→ **Records provided**:
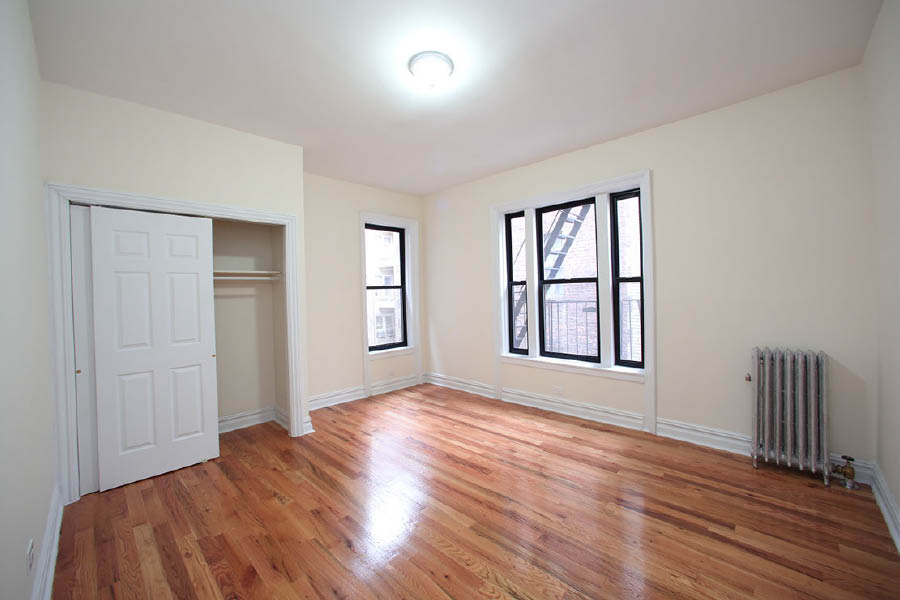 a room with a wood floor and windows at 600 West 169 Street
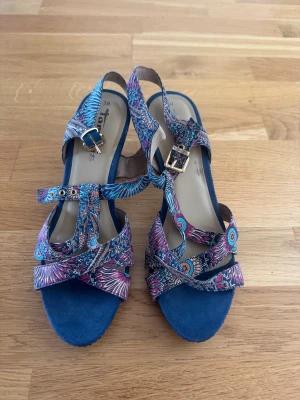 Färgglada mönstrade sandaler med klack - Säljer ett par sandaler från Tamaris med blå klack och färgglada mönstrade remmar i blått, rosa och lila. Remmarna har snygga spännen i guld och korsar över foten för en cool look. Perfekt för dig som vill sticka ut med dina skor!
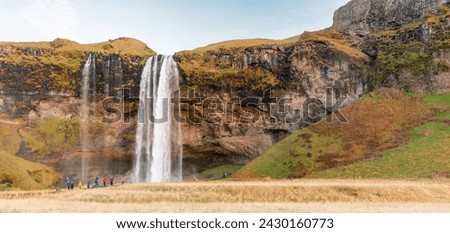 Beautiful waterfall flowing through rocky mountains covered with green grass in sunny daylight and enjoying visitors on ground in countryside. The Golden Circle, Iceland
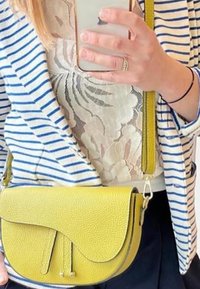Kleine gele schoudertas van gestructureerd leer met een gebogen klep en twee banden. Draag je over een licht, bloemenpatroon top.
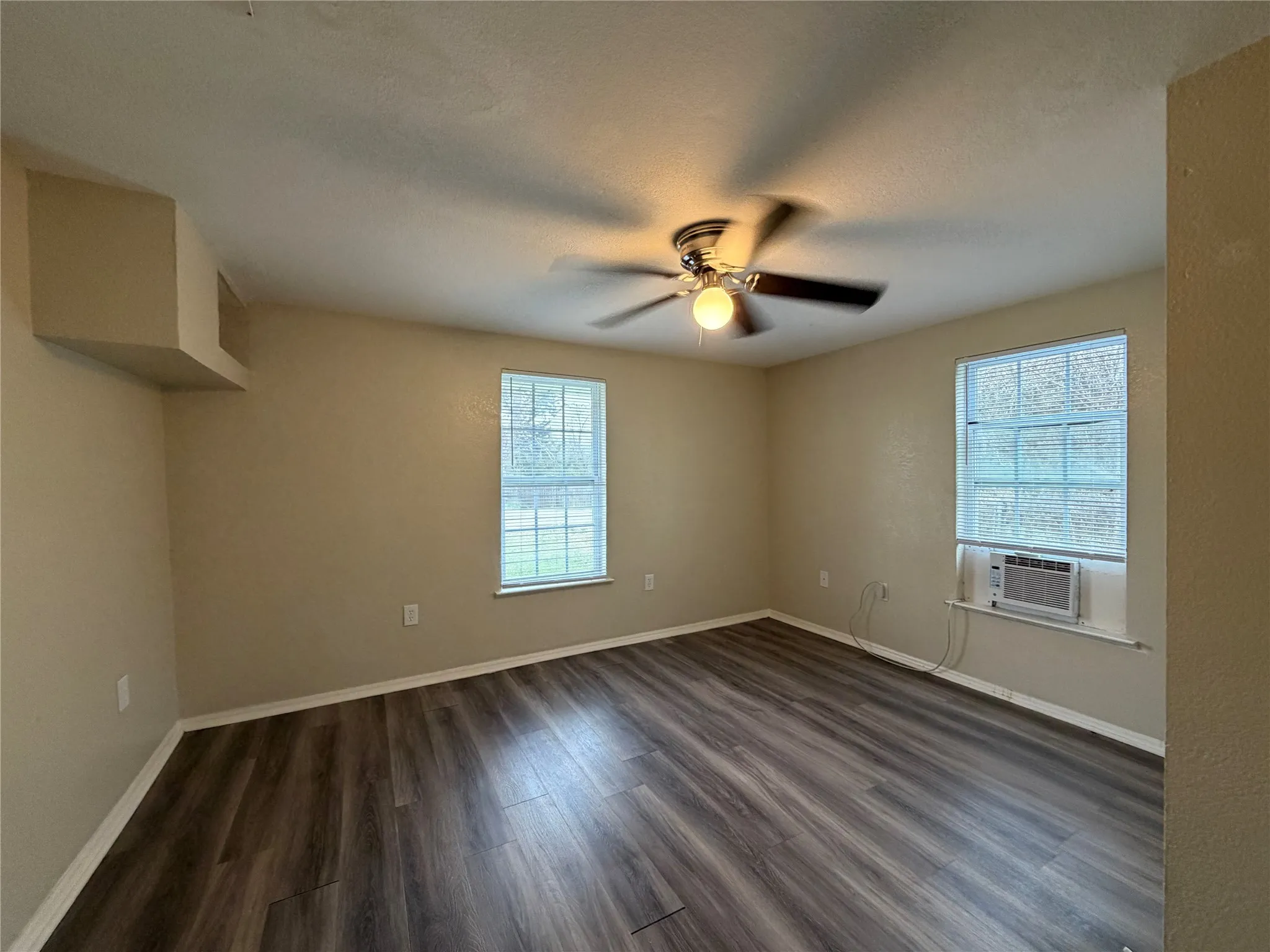 Spare room featuring dark wood finished floors, a ceiling fan, a textured ceiling, and cooling unit
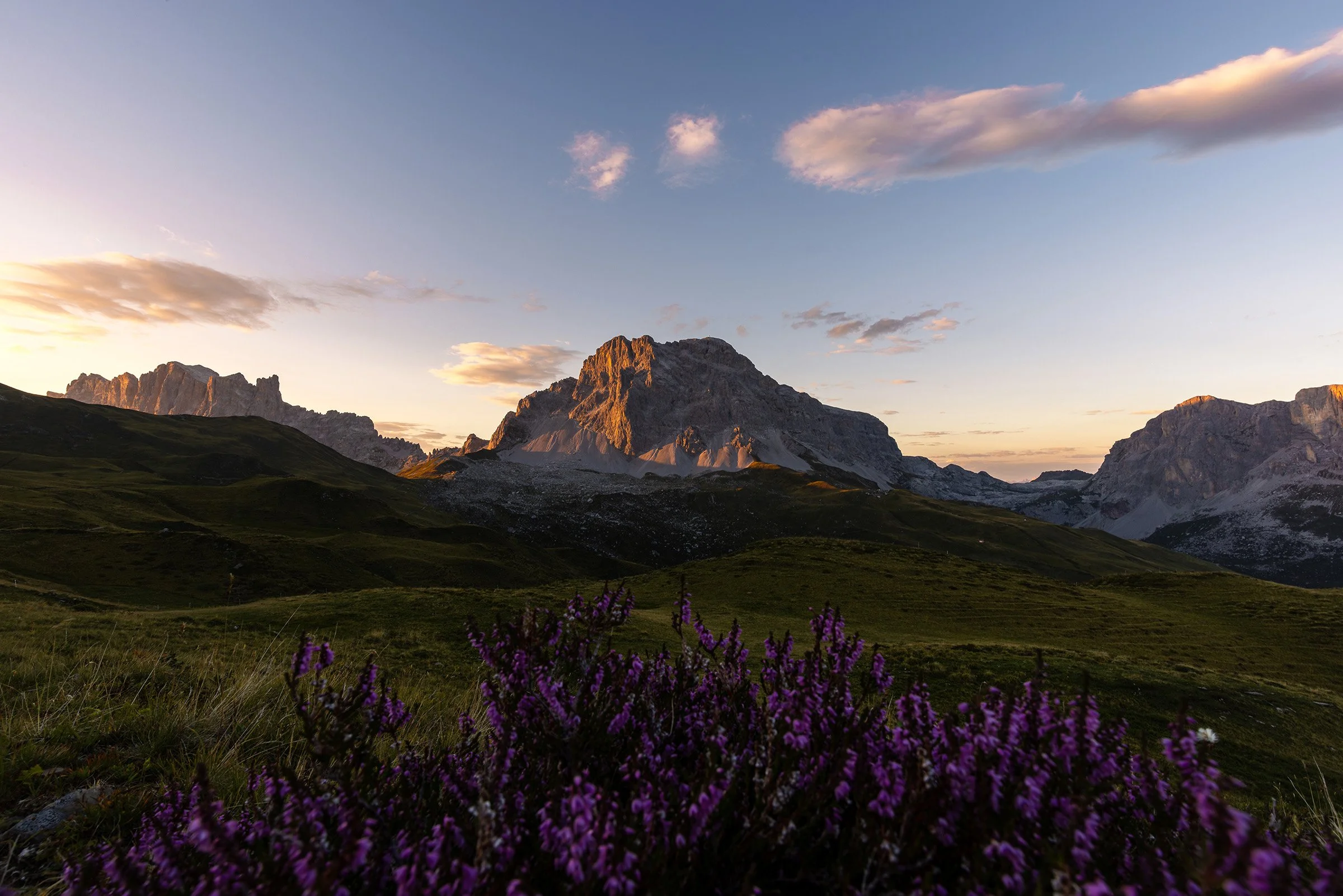 Eine bergige Landschaft bei Sonnenuntergang mit grünen Wiesen, Felsen, Bergen und einem blauen Himmel mit Wolken.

→ **Task directions**: Except for the pictures, please retype the listing above exactly.

→ **Task result**:
 a room with a wood floor and windows at 600 West 169 Street
 Färgglada mönstrade sandaler med klack - Säljer ett par sandaler från Tamaris med blå klack och färgglada mönstrade remmar i blått, rosa och lila. Remmarna har snygga spännen i guld och korsar över foten för en cool look. Perfekt för dig som vill sticka ut med dina skor!
 Beautiful waterfall flowing through rocky mountains covered with green grass in sunny daylight and enjoying visitors on ground in countryside. The Golden Circle, Iceland
Kleine gele schoudertas van gestructureerd leer met een gebogen klep en twee banden. Draag je over een licht, bloemenpatroon top.
 Spare room featuring dark wood finished floors, a ceiling fan, a textured ceiling, and cooling unit
 Eine bergige Landschaft bei Sonnenuntergang mit grünen Wiesen, Felsen, Bergen und einem blauen Himmel mit Wolken.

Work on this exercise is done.